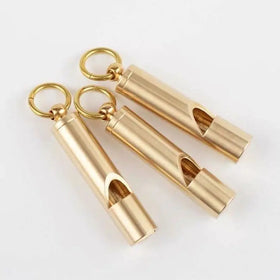Custom Brass Whistle Key Chains Best Premium Emergency Whistle Outdoor Survival Self Defend Other KeyChain Carry It Anywhere Edc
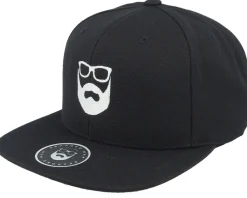 Logo Black Snapback - Bearded Man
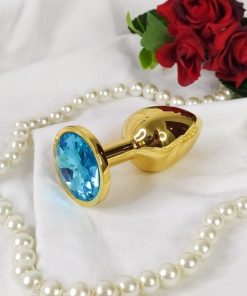 Plug Anal Metal M Jóia Dourado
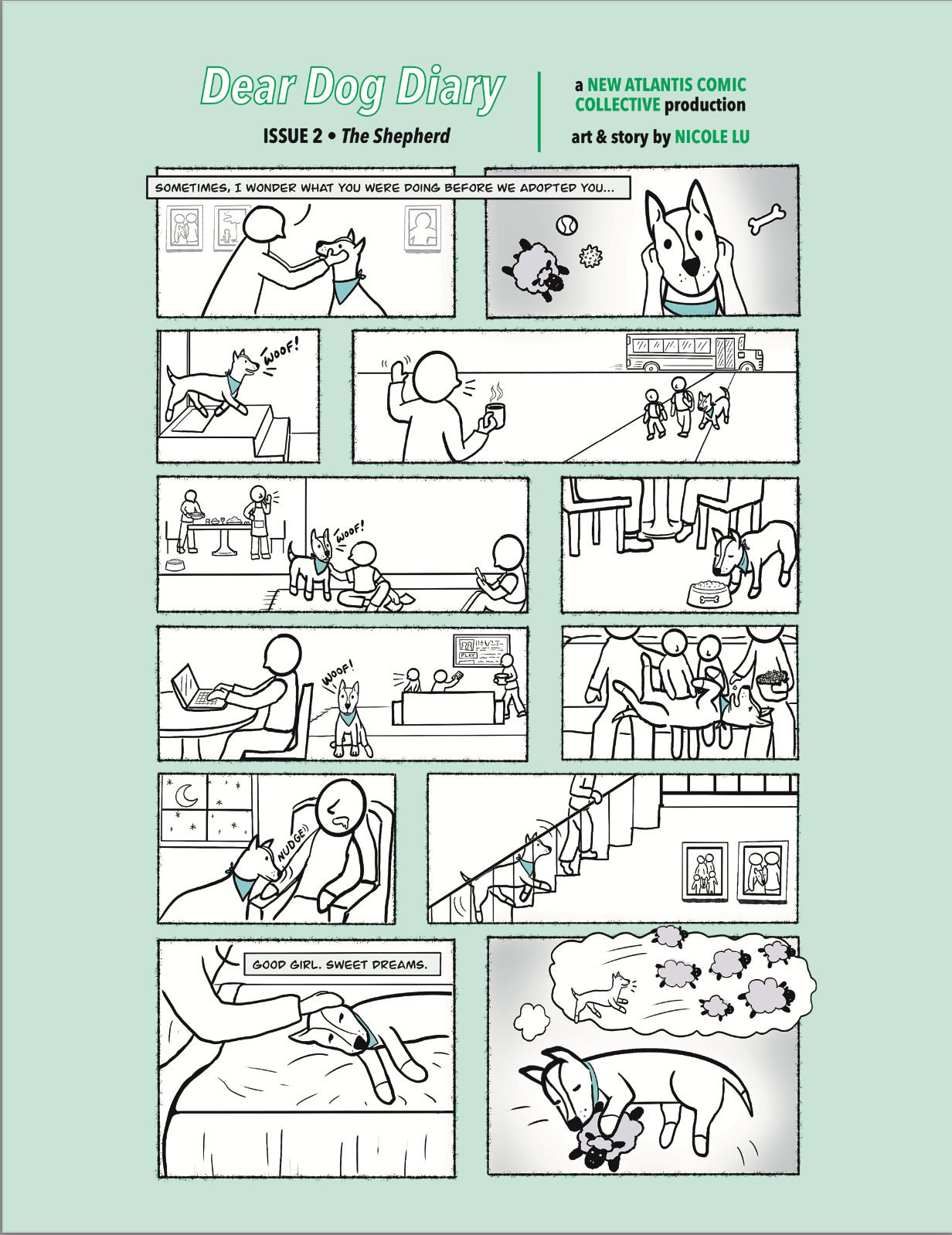 Dear Dog Diary Issue #2 cover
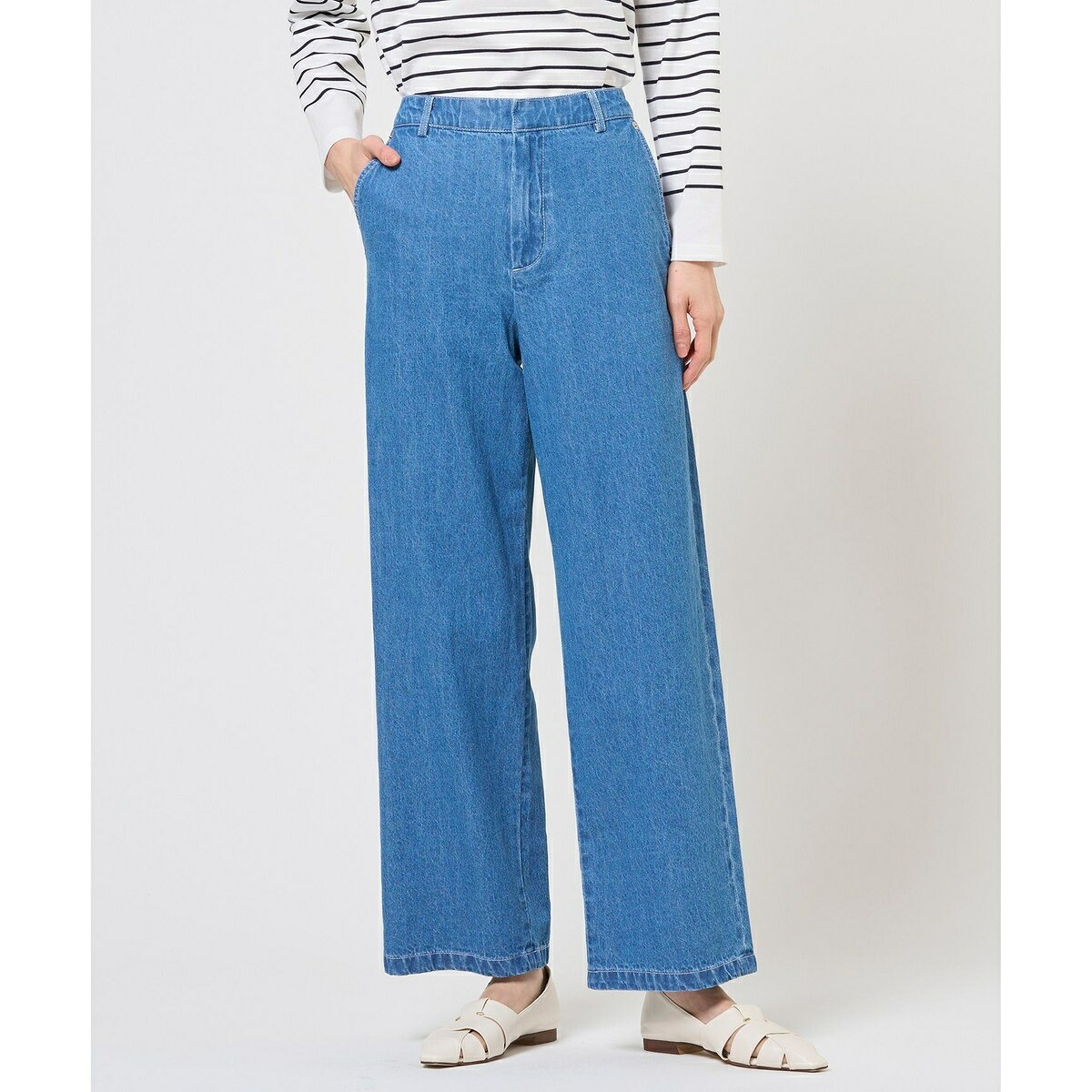 コットンリネン 7oz デニム セミワイド パンツ／Ｊプレス（J.PRESS） 15,132円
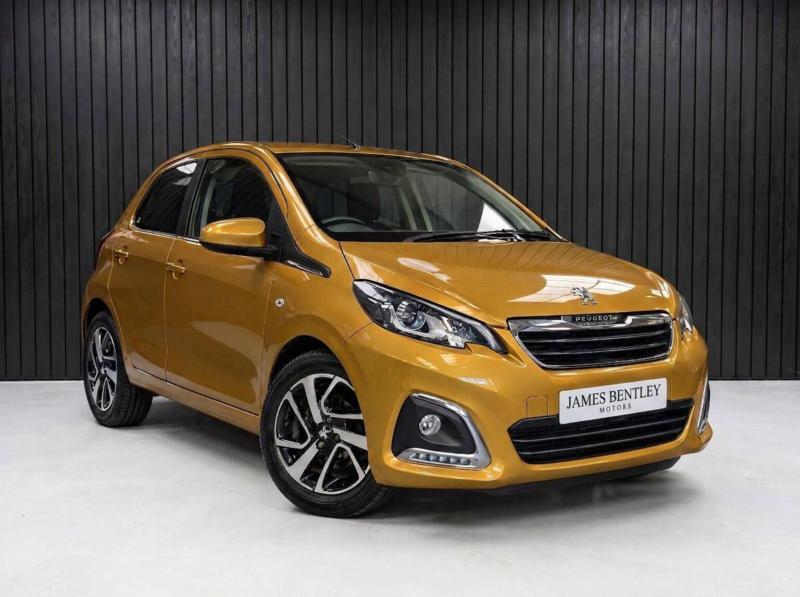2017 Peugeot 108 1.2 Puretech Allure Euro 6 3dr in Yellow — image 1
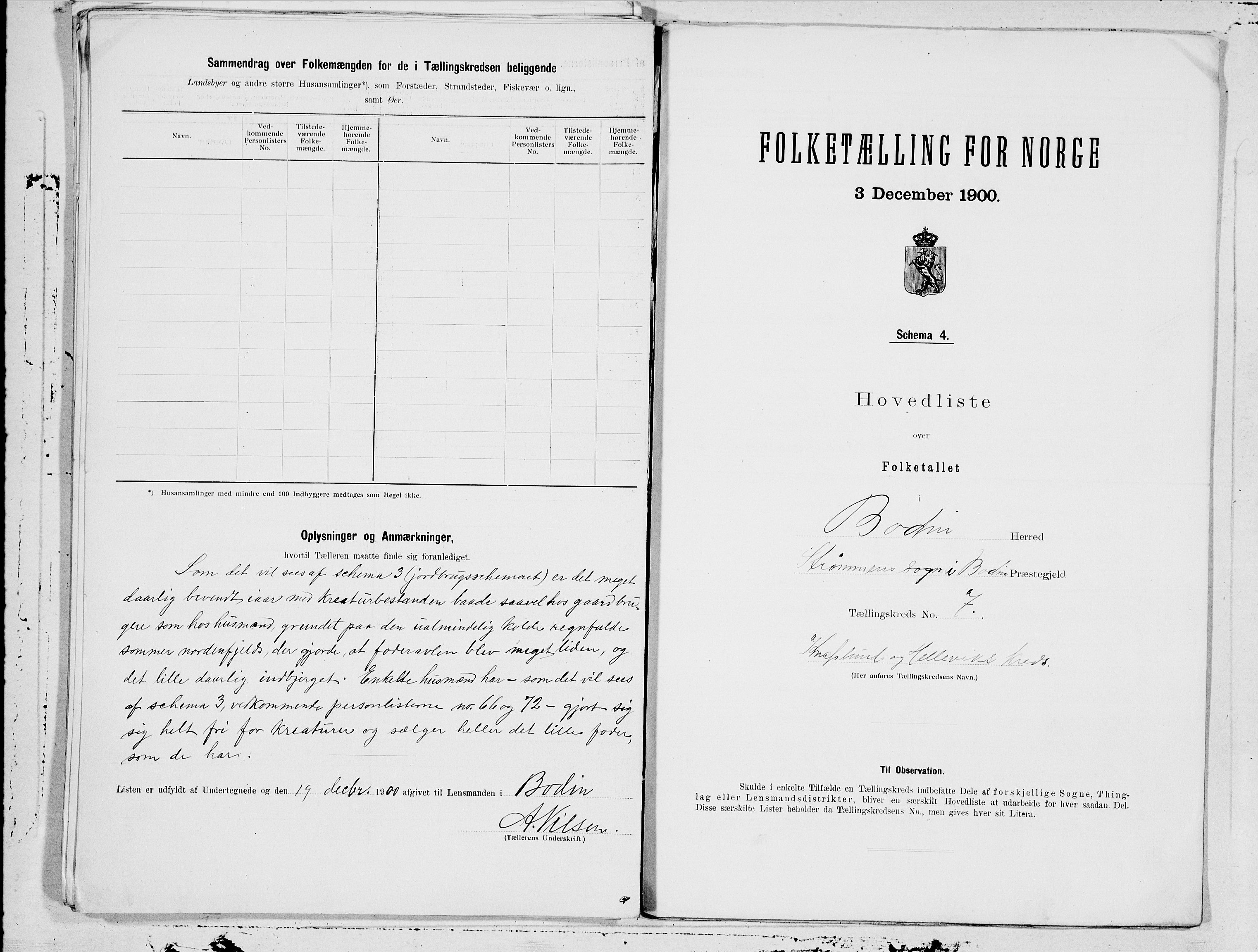 SAT, 1900 census for Bodin, 1900, p. 20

++++++++++

● WHAT YOU SHOULD DO: Only the words belong in your copy: restate the data above exactly and leave the images out.

● SOLUTION:
Custom Brass Whistle Key Chains Best Premium Emergency Whistle Outdoor Survival Self Defend Other KeyChain Carry It Anywhere Edc
 Logo Black Snapback - Bearded Man
 Plug Anal Metal M Jóia Dourado
 Dear Dog Diary Issue #2 cover
 コットンリネン 7oz デニム セミワイド パンツ／Ｊプレス（J.PRESS） 15,132円
2017 Peugeot 108 1.2 Puretech Allure Euro 6 3dr in Yellow — image 1
 SAT, 1900 census for Bodin, 1900, p. 20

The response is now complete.